Dell, $7.50, 0-440-22482-9
Historical Fiction, 2000 (Reissue)
I have only read one other book by this author, some inane story about a woman who is so fabulously rich that she has to practically manufacture her own problems, and promptly ignored the rest of this popular author’s books. My tastes seldom match the majority’s anyway. But there I am, stuck in a sweltering hot and packed to the brim bus in Mauritius, with nothing to read but Granny Dan, bought at the airport. So I decide to immerse myself in this tale of Rich and Bored Porcelain People in Historic Russia.
This story is the flashback reminiscences of the life of Danina Petroskova, a fabulous – FABULOUS! – beautiful – BEAUTEOUS! – ballerina who shags a rich – VERY RICH! – handsome – VERY HANDSOME! – talented – FABULOUSLY TALENTED – married – UH OH – Dr Nikolai Obrajensky. Set amidst the ersatz grandeur of an idealistic pre-Russian Revolution era of the early 20th century, our two lovebirds have lots of problems to overcome before canoodling happily ever after in their Russian equivalent of Beverly Hills mansion. Such as deciding the color of Dani’s manicures. Or the pain of the inability to find good toilette.

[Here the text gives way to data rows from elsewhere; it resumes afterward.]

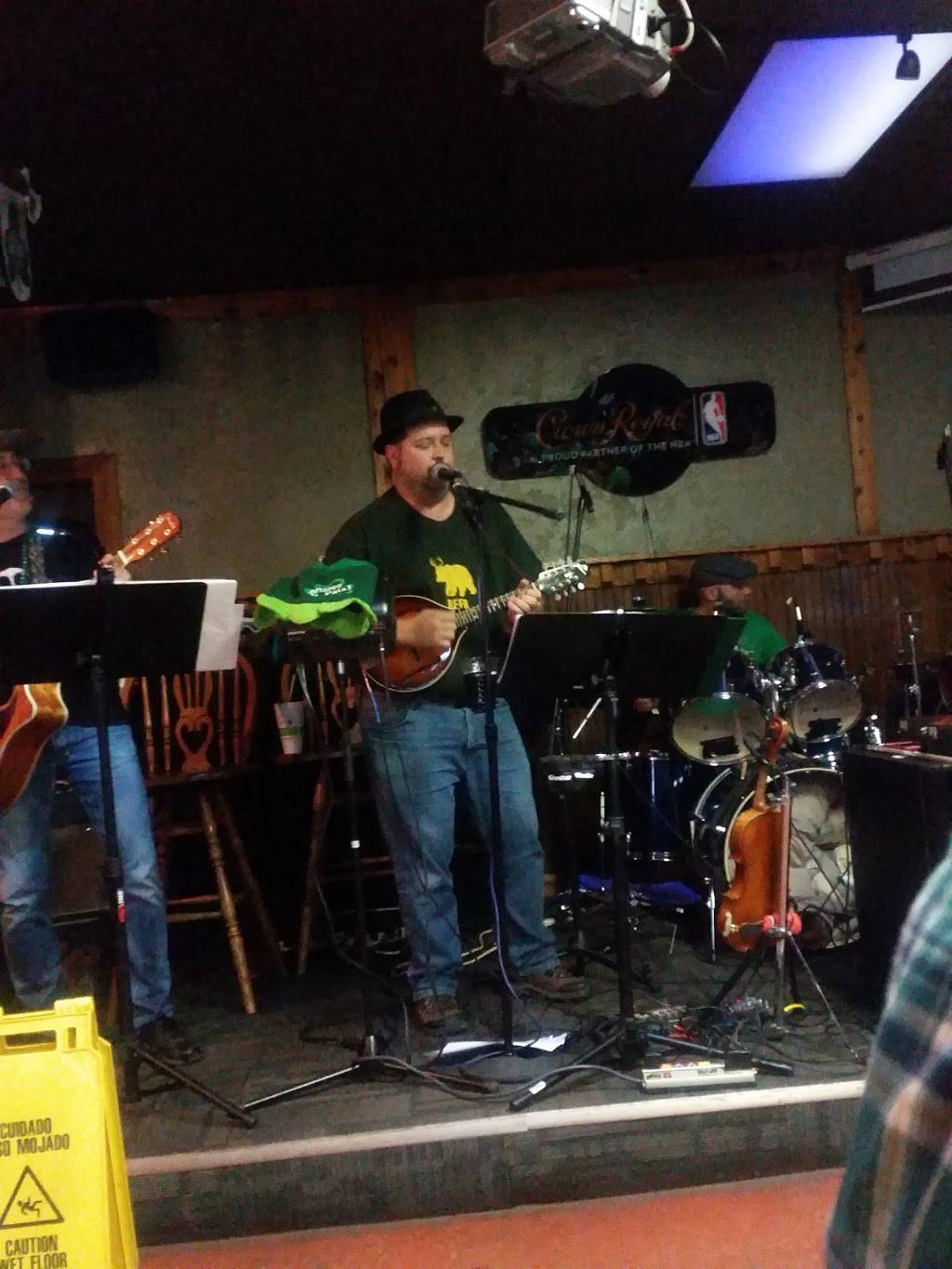 The Rusty Nail | restaurant | 14210 Pierce Plaza, Omaha, NE 68144, USA | 4029339753 OR +1 402-933-9753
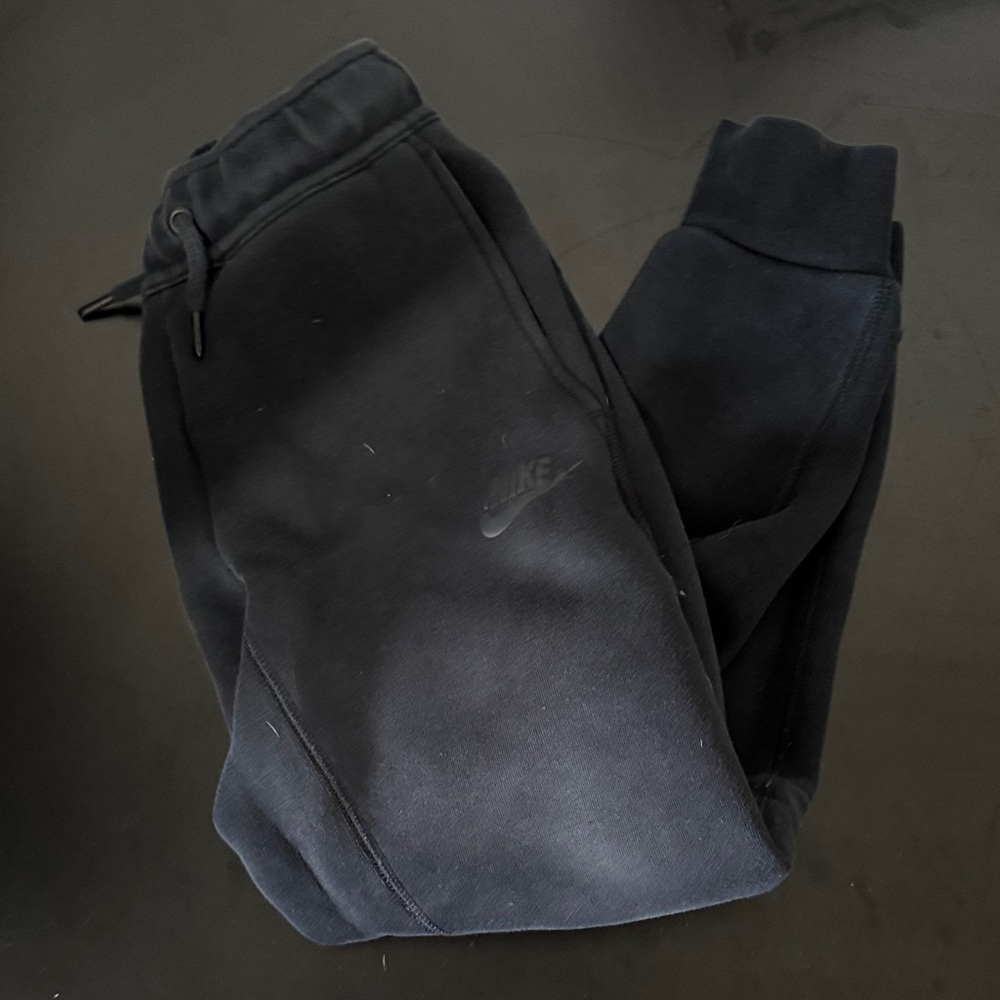 Nike Black Joggers with Elastic Cuffs and Tapered Fit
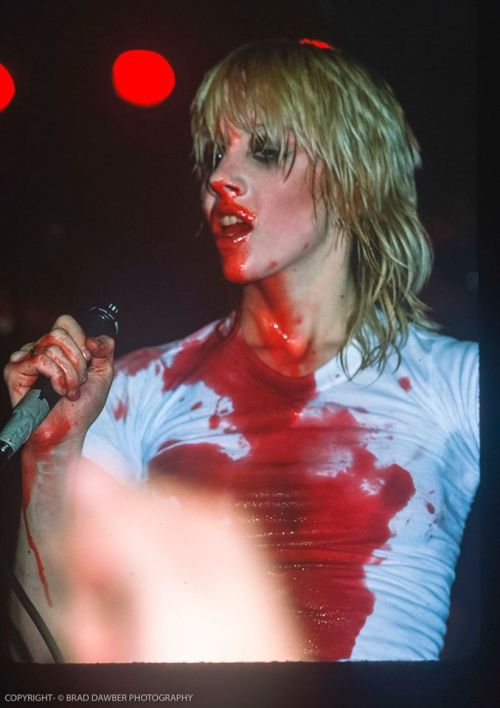 witch-trial:Cherie Currie performing Dead End Justice - 1976Photos by Brad Dawber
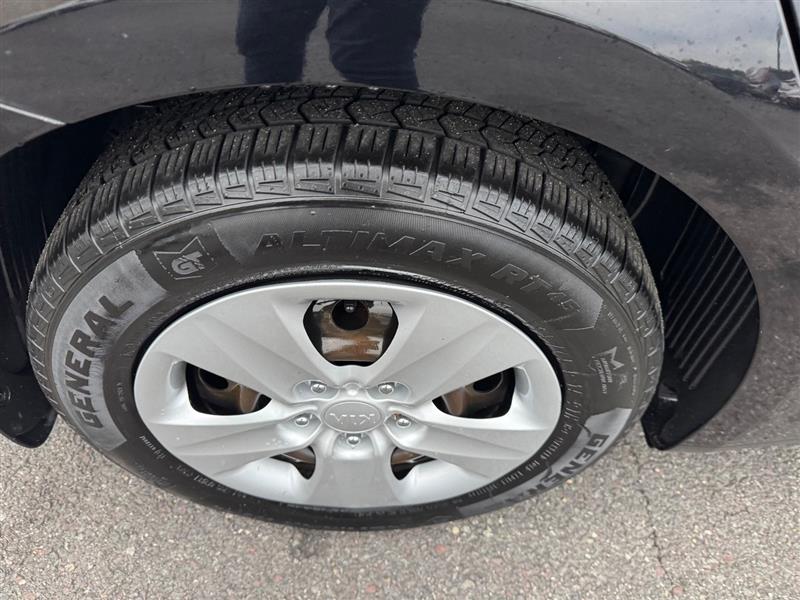2018 Kia Forte LX Base photo 22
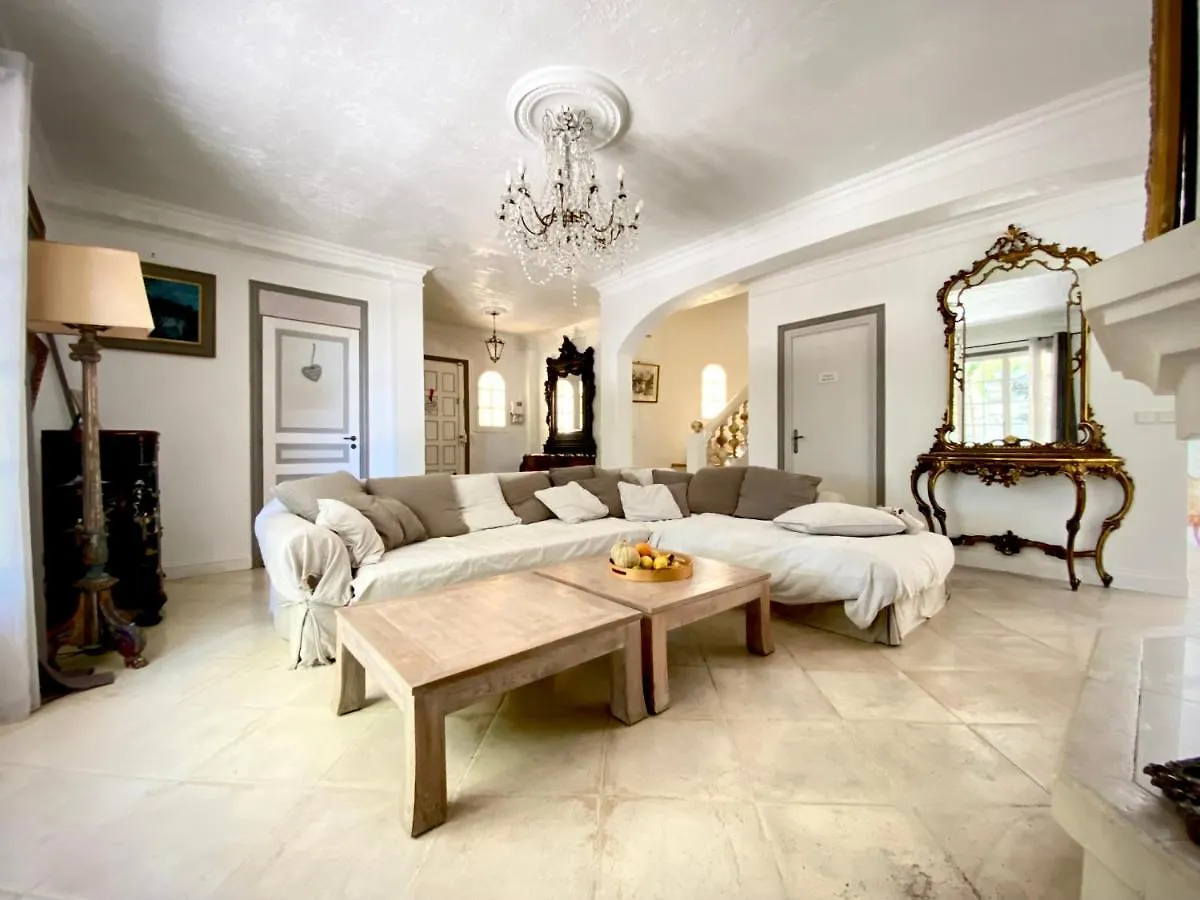 Villa Daurus ヴァロリス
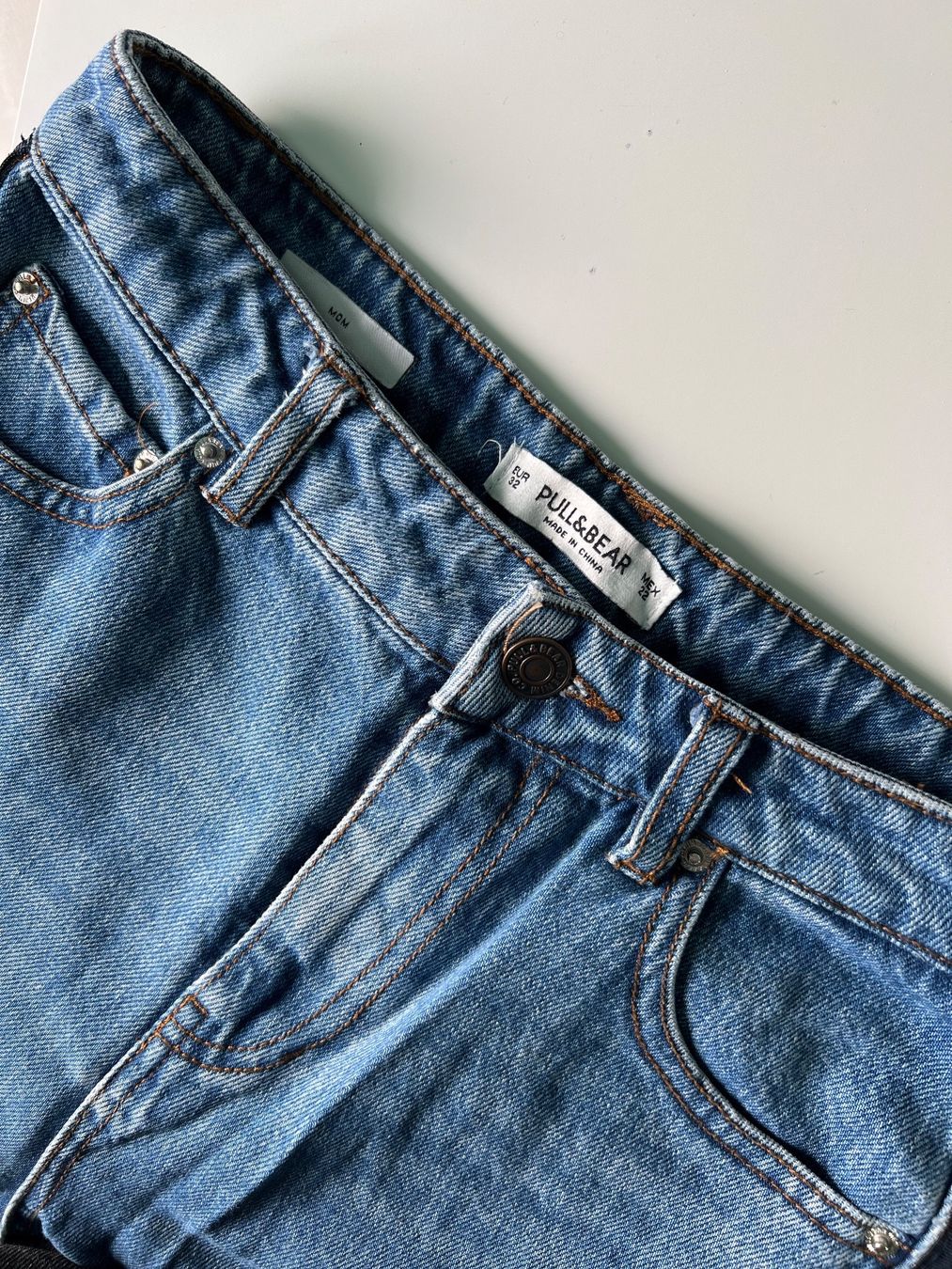 Jeans: Pull&Bear Mom Jeans Gr. 32 – D'occasion à Tagelswangen par SpicyChicken 2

Along the way we have the usual villainous people who wants to dig their grubby, perverted claws into the pristine, always immaculately clothed body of our fabulous Dani. Dani weeps artfully and poses dramatically, and makes fabulous love with Nikky the sensitive, one-dimensional dude under dim, elegant, and tasteful lighting.
While running through the Russian perfection of a rustic wilderness in careless abandon, our two lovers are swept up in the Revolution. Oh, the pain! The horror! All depicted in bland monotone of the one-sentenced, barely multi-syllable prose. It’s like reading a first-grade school kid’s attempt at reinterpreting the history of Russia. It’s not even bad enough to be funny. It’s just bad.
I’m sure one day someone would make a really bad TV movie out of this story.